The General Artemas Ward House in Shrewsbury, Massachusetts was the home of General Artemas Ward, first commander-in-chief of the patriot forces, and was occupied by his descendents until 1909. It was opened to the public by one of Ward's descendents, also Artemas Ward, from 1909 to 1925 when it was given to Harvard University. Harvard currently operates the house as a historic house museum.
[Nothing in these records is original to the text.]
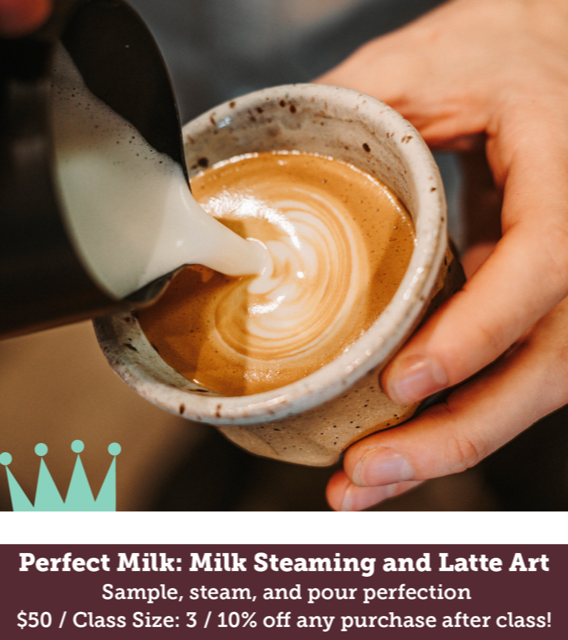 Perfect Milk: Milk steaming and latte art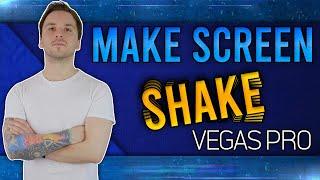 VEGAS Pro How To Make The Screen Shake - Tutorial #556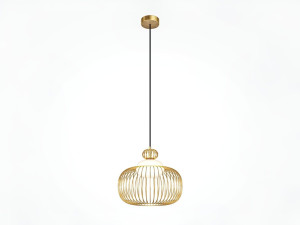 Металлический подвесной светильник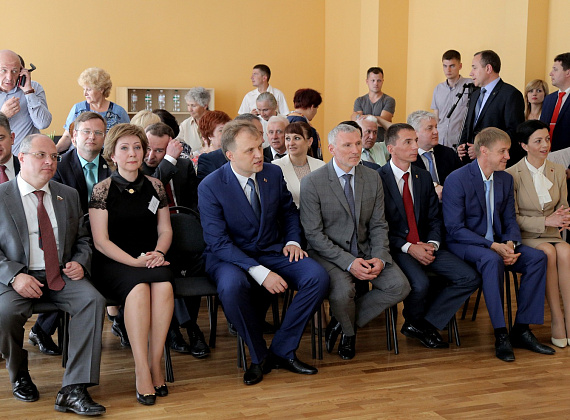 Визит Алексея Журавлёва в Приднестровье, 01.06.2015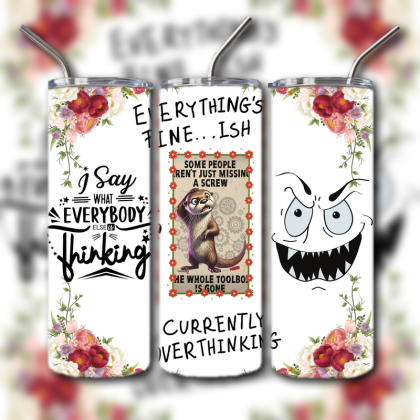 Sarcasm Tumbler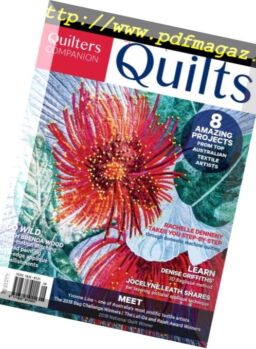 Quilters Companion – December 2018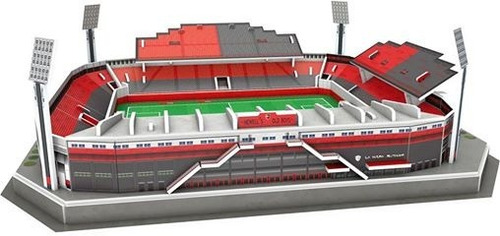 Maqueta Estadio 3d Armada !cancha De Newell's Old Boys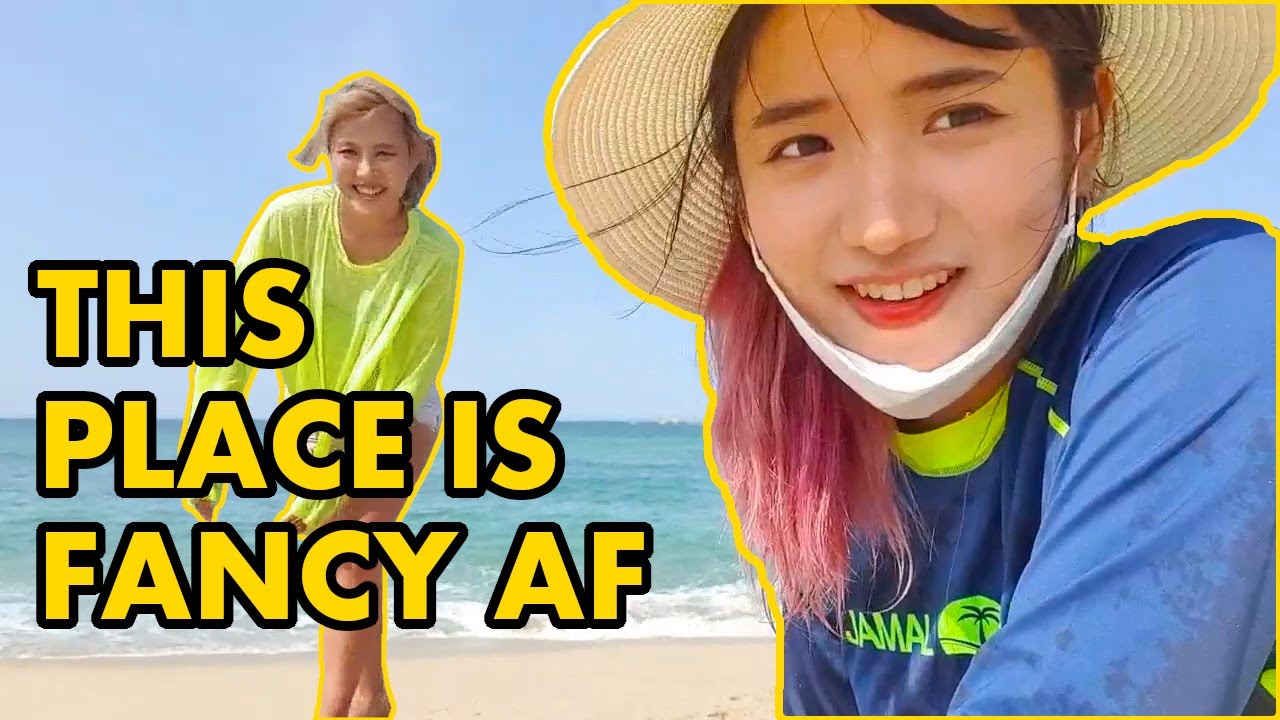 Meeting my girl friend at a luxury resort feat. Yuggie_TV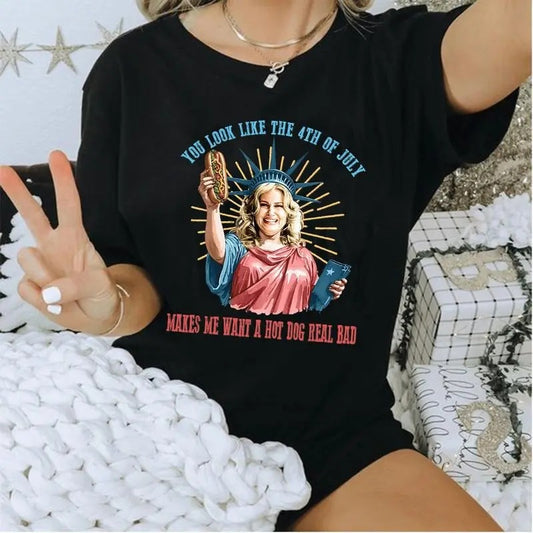 Hot Dog! It's the Legally Blonde 4th of July Tee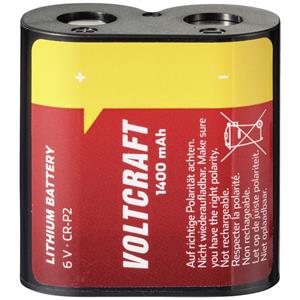 VOLTCRAFT CRP2 Fotobatterie CR-P 2 Lithium 1400 mAh 6V 1St.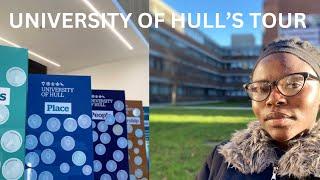 UNIVERSITY OF HULL CAMPUS TOUR #universityofhull #internationalstudentinuk #hull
The Artemas Ward House and Its Collections Virtual Collection provides online access to over 6,000 images of the house, furnishings, manuscripts, photographs and related published sources, providing the opportunity to study an important figure of the American Revolution, a nineteenth-century farm family, and a twentieth-century museum.
The Collection includes:
- over 500 objects from the house, from portraits and furniture to cooking utensils and teapots
- historical photographs, depicting the Ward family and the house and grounds
- contemporary views of room interiors and grounds, as photographed in 2007
- a selection of published works by and about the Ward family
- the Artemas Ward House and Ward family papers digital collection, 1724-1933, a collection of digitized manuscripts from the holdings of the American Antiquarian Society, the Artemas Ward House, and private family holdings.
The Artemas Ward House and Its Collections project was made possible with funding from the Harvard College Library and a grant from Harvard University Library's Library Digital Initiative.